Third rabid raccoon found

By Thomas Wilson
STAR STAFF
twilson@starhq.com

   ROAN MTN. -- Visitors and residents of Roan Mountain are being warned to take precautions by state health officials after a third raccoon found dead in the area tested positive for rabies this week.
   The Northeast Tennessee Regional Health Office reported Wednesday a rabid raccoon was killed by two dogs and subsequently tested positive for rabies. Rabid raccoons have now been found on the north, east and south sides of Roan Mountain State Park.
   "It is imperative that individuals watch their children and pets to ensure they are not exposed to rabies," said Bill Bowery, environmental field office manager with the Carter County Health Department.
   The public must assume that rabies is present throughout the raccoon population, according to regional health officials.
   Since wild animals tend to be nocturnal, Bowery said the presence of a raccoon -- or any wild animal -- during daylight hours was a potential warning that the animal may have rabies.

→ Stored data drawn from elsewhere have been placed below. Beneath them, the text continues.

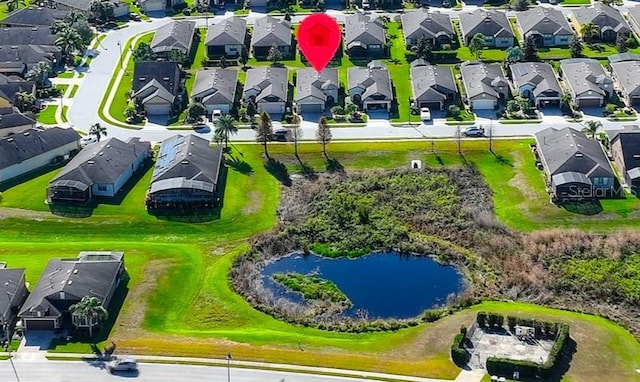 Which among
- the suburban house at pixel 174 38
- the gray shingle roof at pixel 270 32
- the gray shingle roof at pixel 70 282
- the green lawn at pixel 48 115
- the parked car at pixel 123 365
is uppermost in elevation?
the gray shingle roof at pixel 70 282

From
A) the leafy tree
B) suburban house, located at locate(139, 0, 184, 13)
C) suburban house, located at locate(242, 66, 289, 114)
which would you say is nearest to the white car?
suburban house, located at locate(242, 66, 289, 114)

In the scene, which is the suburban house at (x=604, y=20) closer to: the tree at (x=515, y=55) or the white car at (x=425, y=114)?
the tree at (x=515, y=55)

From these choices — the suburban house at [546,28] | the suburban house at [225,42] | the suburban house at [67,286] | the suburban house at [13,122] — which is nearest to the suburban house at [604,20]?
the suburban house at [546,28]

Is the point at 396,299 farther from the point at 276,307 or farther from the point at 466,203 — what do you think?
the point at 466,203

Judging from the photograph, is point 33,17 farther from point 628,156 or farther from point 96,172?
point 628,156

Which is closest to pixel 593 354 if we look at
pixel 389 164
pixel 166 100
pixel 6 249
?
pixel 389 164

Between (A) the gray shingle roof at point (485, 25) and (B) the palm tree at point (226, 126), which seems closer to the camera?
(B) the palm tree at point (226, 126)

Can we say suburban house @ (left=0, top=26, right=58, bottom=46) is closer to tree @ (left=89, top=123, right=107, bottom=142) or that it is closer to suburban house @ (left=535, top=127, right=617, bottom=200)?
tree @ (left=89, top=123, right=107, bottom=142) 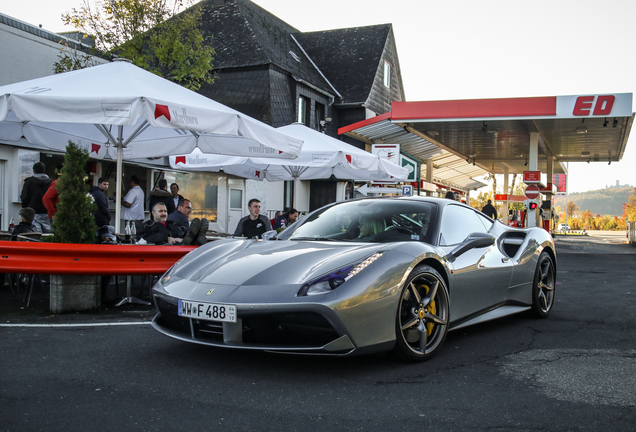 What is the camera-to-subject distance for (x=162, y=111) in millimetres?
6316

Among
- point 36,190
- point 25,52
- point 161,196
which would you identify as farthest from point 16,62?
point 161,196

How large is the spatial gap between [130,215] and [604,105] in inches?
564

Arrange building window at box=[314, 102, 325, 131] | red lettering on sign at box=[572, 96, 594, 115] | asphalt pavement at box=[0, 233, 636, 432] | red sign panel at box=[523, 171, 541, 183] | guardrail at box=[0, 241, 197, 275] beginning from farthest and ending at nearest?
building window at box=[314, 102, 325, 131] → red sign panel at box=[523, 171, 541, 183] → red lettering on sign at box=[572, 96, 594, 115] → guardrail at box=[0, 241, 197, 275] → asphalt pavement at box=[0, 233, 636, 432]

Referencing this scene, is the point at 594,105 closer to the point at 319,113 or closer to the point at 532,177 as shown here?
the point at 532,177

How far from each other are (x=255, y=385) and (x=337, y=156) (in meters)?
7.73

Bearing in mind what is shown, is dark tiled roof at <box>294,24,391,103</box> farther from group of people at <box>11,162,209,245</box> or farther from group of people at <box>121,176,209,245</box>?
group of people at <box>121,176,209,245</box>

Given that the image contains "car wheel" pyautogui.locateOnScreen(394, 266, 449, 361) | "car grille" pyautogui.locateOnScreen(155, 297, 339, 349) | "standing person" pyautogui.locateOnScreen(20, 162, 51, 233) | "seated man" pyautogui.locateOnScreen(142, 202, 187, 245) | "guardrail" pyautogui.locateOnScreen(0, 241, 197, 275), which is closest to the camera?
"car grille" pyautogui.locateOnScreen(155, 297, 339, 349)

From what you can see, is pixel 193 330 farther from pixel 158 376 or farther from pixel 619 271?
pixel 619 271

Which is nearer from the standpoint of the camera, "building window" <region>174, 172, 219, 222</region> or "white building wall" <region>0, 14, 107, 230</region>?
"white building wall" <region>0, 14, 107, 230</region>

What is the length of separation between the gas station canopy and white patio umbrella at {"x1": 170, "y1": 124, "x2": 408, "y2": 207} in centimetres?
696

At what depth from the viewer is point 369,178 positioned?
14.4 m

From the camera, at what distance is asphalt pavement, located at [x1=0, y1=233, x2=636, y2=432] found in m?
2.88

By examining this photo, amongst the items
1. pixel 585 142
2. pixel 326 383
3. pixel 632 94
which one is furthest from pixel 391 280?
pixel 585 142

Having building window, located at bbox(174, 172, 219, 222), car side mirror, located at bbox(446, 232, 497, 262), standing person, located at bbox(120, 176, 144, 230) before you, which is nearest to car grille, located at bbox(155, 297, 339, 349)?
car side mirror, located at bbox(446, 232, 497, 262)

   Raccoons that have contracted rabies become very aggressive and may attack other animals and/or humans. Health officials report that whenever raccoon rabies pops up in an area, there usually ends up being more cases of rabies in cats and dogs. State law requires dogs or cats to be vaccinated against rabies at the age of three months.

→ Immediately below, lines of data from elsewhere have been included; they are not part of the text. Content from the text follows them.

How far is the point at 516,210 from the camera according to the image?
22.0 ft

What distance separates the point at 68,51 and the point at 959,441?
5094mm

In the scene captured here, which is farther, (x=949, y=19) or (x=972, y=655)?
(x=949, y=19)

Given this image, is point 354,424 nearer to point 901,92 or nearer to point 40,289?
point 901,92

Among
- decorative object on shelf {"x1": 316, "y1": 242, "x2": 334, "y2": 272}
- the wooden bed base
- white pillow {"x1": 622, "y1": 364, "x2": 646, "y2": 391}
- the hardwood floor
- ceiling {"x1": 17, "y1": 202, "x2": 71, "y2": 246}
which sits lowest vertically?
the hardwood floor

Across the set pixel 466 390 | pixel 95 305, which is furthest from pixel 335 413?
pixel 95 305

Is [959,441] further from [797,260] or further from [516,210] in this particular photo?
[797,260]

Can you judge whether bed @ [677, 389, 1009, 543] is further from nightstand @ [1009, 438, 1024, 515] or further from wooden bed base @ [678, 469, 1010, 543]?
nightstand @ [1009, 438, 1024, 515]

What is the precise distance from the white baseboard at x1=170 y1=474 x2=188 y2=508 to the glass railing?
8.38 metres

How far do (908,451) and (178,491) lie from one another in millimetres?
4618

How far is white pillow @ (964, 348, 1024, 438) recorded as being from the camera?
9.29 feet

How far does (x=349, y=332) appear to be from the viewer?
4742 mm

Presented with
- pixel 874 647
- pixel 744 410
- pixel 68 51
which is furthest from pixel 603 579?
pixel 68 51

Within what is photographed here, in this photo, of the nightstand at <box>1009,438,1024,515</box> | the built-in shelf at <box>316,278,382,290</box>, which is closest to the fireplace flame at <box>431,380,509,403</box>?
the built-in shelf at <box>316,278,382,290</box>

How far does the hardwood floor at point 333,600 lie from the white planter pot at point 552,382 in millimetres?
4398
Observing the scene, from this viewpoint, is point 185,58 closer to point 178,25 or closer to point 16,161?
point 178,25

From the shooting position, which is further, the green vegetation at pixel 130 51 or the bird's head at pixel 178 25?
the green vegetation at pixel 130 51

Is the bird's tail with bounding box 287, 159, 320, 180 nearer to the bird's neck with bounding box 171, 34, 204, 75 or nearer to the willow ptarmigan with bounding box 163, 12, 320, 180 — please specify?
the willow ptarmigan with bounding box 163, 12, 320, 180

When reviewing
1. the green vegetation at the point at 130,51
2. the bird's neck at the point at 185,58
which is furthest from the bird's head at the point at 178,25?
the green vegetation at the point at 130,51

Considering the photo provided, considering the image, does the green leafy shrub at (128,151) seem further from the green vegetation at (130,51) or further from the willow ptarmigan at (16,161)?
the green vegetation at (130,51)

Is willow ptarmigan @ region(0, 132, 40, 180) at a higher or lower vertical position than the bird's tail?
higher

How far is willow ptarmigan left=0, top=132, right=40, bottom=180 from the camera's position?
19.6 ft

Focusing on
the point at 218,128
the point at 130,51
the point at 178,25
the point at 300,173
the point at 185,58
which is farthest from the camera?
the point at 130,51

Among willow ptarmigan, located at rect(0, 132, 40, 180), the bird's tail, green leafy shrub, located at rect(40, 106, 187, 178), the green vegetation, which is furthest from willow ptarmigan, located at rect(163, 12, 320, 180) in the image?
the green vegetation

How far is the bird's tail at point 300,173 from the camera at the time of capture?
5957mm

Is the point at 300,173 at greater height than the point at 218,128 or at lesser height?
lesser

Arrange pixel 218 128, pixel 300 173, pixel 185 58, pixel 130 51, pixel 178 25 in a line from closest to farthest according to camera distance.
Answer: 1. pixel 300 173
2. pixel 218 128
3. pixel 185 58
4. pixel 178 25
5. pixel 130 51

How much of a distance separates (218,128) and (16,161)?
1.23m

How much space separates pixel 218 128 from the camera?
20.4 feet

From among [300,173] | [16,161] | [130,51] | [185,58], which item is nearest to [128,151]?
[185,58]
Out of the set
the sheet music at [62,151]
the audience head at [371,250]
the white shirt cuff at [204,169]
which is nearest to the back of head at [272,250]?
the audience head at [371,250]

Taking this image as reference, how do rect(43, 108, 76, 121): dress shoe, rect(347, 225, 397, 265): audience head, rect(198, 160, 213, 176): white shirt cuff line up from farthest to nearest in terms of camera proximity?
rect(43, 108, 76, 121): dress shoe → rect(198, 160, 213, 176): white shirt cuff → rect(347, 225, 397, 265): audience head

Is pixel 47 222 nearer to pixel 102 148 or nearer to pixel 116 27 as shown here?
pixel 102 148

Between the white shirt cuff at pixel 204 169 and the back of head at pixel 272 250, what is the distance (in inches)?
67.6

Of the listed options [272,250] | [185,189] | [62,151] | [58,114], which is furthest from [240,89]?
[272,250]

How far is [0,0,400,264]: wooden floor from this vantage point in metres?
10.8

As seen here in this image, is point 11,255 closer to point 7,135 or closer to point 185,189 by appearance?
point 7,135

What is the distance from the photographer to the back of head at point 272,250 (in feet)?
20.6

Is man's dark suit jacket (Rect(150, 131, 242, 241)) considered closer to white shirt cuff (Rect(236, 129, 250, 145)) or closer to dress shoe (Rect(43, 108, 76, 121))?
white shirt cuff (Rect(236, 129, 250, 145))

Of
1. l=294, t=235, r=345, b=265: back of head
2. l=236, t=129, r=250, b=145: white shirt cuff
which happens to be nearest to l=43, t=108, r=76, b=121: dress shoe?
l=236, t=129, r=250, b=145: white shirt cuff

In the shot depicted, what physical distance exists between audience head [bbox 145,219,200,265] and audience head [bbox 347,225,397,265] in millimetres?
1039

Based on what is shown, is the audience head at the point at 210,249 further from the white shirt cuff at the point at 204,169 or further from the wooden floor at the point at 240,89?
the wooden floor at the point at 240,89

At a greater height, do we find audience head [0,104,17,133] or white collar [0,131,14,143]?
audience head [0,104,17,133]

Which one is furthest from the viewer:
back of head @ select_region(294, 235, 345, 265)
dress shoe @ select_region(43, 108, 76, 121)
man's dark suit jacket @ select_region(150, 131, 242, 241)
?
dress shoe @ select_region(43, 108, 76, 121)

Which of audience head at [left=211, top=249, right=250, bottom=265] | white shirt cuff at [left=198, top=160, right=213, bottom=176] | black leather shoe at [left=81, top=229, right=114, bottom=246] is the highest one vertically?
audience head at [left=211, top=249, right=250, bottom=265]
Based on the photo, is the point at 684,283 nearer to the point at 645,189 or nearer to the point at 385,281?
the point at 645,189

   If a pet is exposed to a rabid animal and is not vaccinated, the alternatives for the pet owner are unpleasant. Health officials say euthanasia is the first recommendation for safety to human and other animals. The other alternative is a six month strictly enforced quarantine of the pet and to vaccinate after five months of quarantine. If the animal has been vaccinated and is exposed to a rabid animal, it is recommended to revaccinate immediately and for the owner to confine and observe the animal for a 45-day period.
   If the owner of the animal does not cooperate, a warrant to remove the animal can be obtained and the animal will either be euthanized or quarantined for the required period of time at the owner's expense.
   Caroline Hurt, director of the Carter and Johnson County health departments, said a rabies vaccination clinic has been scheduled for Saturday, June 14 from 1-2:30 p.m. at the Burbank Freewill Baptist Church in Roan Mountain. The cost of the vaccination is $6.50.
   Health officials urge Roan Mountain residents to keep garbage cans covered since raccoons traditionally attempt to obtain food from them. Do not leave any dog or cat food outside as this may also attract raccoons.
   Roan Mountain residents are asked to call the Carter County Health Department or local animal shelter to report a raccoon or wild animal behaving strangely during the day. If a pet or person is attacked or bitten by any abnormal acting animal, the animal should be killed and testing should occur on the animal. Any person exposed to a raccoon and/or another animal suspected of being exposed to a possible rabid raccoon should consult their physician immediately.
   If a pet is directly exposed to a raccoon or other abnormal acting animal, citizens are urged to call their local health department or animal shelter. Any person who fears he or she may have been exposed to a rabid animal are urged to seek medical attention immediately.